Lifecycle - Vast.ai mode
The lifecycle of a Ponos agent in Vast.ai mode is similar to that of the generic Ponos agent. Only the actions specific to task management differ.
Setup
In addition to the generic Ponos agent setup, the Ponos agent in Vast.ai mode will:
-
Connect to the Vast.ai API (using the
vast_api.api_keyparameter of its configuration). -
Verify your
vast_api.offer_filtersare supported
Loop
During its loop, the ponos agent running in Vast.ai mode will:
-
list existing instances using the show instances API call,
-
order a new instance for each task, applying the configured offer filters to find the best & cheapest offer possible,
-
check upon the running instances,
-
report their state onto Arkindex,
-
read instance logs and publish them on Arkindex S3 storage,
-
stop instances
The agent does not download any artifact of Machine Learning model, as it cannot write them on the remote instance’s disk.
Vast.ai instances
Vast.ai instances are used to run ponos tasks, using the same Docker images as when the agent runs in docker mode.

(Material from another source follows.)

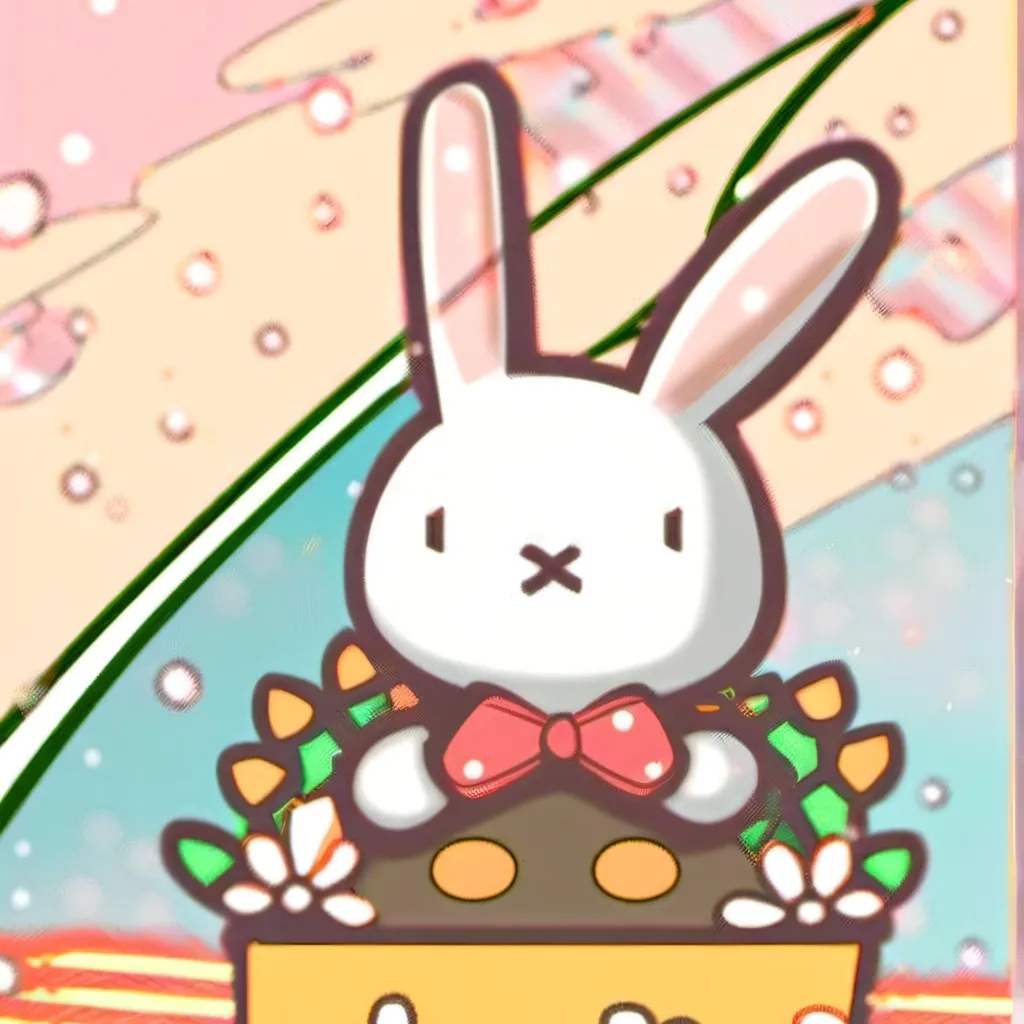 chat with ai character: bunny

Each instance created by the ponos agent has these settings:
-
one GPU (and only one) is always present
-
the same environment variables as for docker mode are provided to the container, along with the ones provided by Vast.ai
-
we also set
TASK_BOOTSTRAP&TASK_PARENTS(see below for details) -
there is no data persistence, so the workers need to publish their artifacts themselves
Bootstrapping instances
As the ponos agent cannot write on the remote instance’s disk, it’s the sole responsibility of the worker to download parent task artifacts and Machine Learning model before running any actual business code.
To do so, the ponos agent provides two extra environment variables:
-
TASK_BOOTSTRAP=true, to trigger the specific local bootstrap mode -
TASK_PARENTSis a json mapping of Arkindex Task IDs (as keys) and the corresponding task slugs (as values) so that the worker can build a local file system with all parent task artifacts.
All this bootstrapping is done by base-worker >= 0.5.3.